§ **TASK DETAILS**
Each entry is to be repeated word for word, and the images are to be dropped.

Stored data:
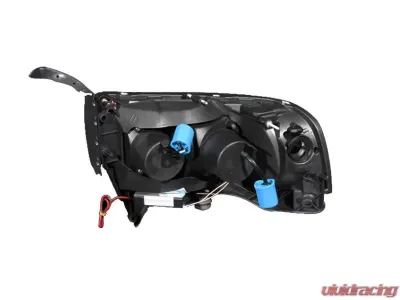 Anzo USA Projector Headlight Set w/Halo Dodge - 111065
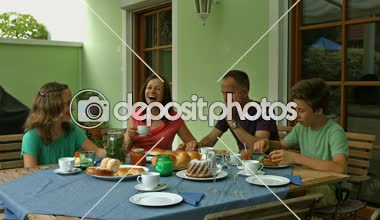 tatlı Avusturyalı abur cubur yemek aile 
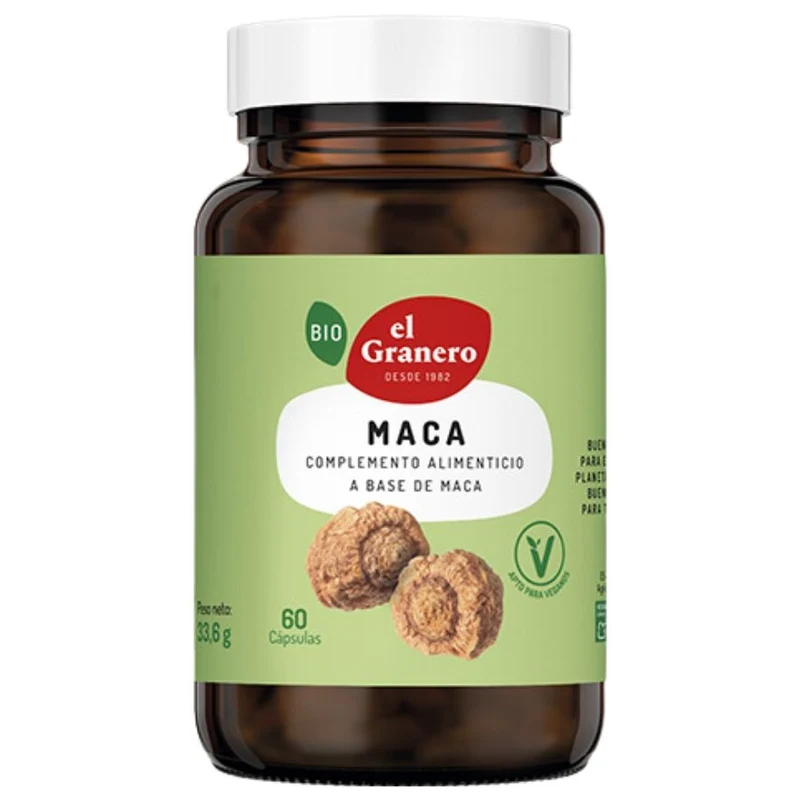 Maca Capsulas | El Granero Integral
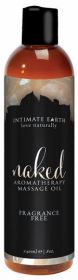 Intimate Earth Naked Massage Oil 8oz (SKU: IE046240)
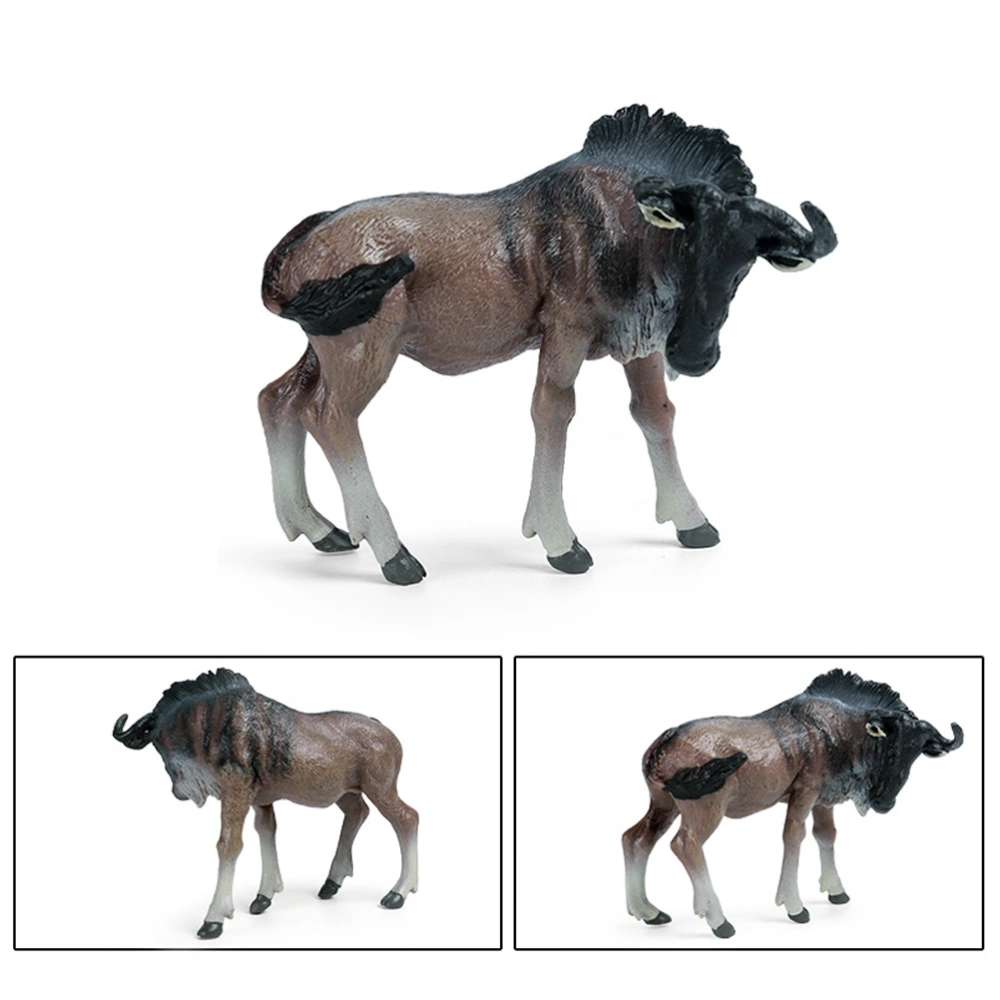 Wildebeest Model Wildebeest Decoration Wildebeest Ornament Wildebeest Cognitive Model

§ **OUTPUT BELOW**
 Anzo USA Projector Headlight Set w/Halo Dodge - 111065
 tatlı Avusturyalı abur cubur yemek aile 
 Maca Capsulas | El Granero Integral
 Intimate Earth Naked Massage Oil 8oz (SKU: IE046240)
 Wildebeest Model Wildebeest Decoration Wildebeest Ornament Wildebeest Cognitive Model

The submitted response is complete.